The library system's large "unspent savings account" accrued over more than 16 years "insults many taxpayers," he wrote. "And now spending it with zero regard to price is a further insult and jeopardizes the library's future."
"If he's saying we're not fiscally responsible, that's ironic because we're going through his purchasing department," library board Vice Chairman Andrew Duhon said. "We followed their rules."
Library Director Teresa Elberson said there's nothing abnormal about the cost of furnishings for the West Regional Library, which will hold its grand opening May 13.
The library system hired a building consultant to develop a plan that determines how much space is needed for teens, children and adults, and how much seating, furnishings and books are needed for each department, Elberson said. The Scott library had an $8 million budget that included the land, construction, books, furniture and equipment.

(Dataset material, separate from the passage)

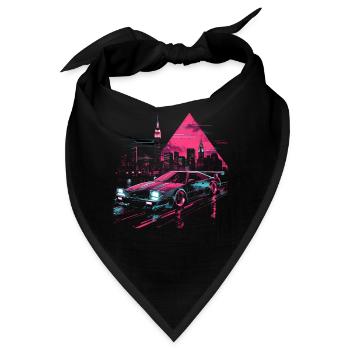 Synthwave Retro Auto Stadt Vaporwave 80er 90er - Bandana - Schwarz - Vorne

Because of its proximity to Interstate 10 and the city of Scott being known as "Where the West Begins," Elberson said the West Regional Library's theme is transportation. The building consultant, keeping within the overall furniture budget, found transportation-themed furniture for the library, she said.
"We don't know how much it costs," Elberson said. "We pick the colors, the furniture styles." Others put together the bid package, which follows state and Lafayette Consolidated Government guidelines, she said.
The booth seating that uses the front of a classic Ford Mustang cost $10,587, but it's the signature piece for the library, Elberson said.
"It's a pretty impressive piece," she said, "and it's going to be in the building forever."
An $8,575 red "tool kit" is actually a custom-made gaming unit with storage space, Elberson said.
Other furniture, she said, is of premium quality to endure repeated use. Upholstery on some furniture in the South Regional Library in Lafayette is wearing out after 10 years.
A Lego table in the main downtown Lafayette library probably cost $4,000, and chairs at the Chenier Center library cost more than $1,000 each, Elberson said.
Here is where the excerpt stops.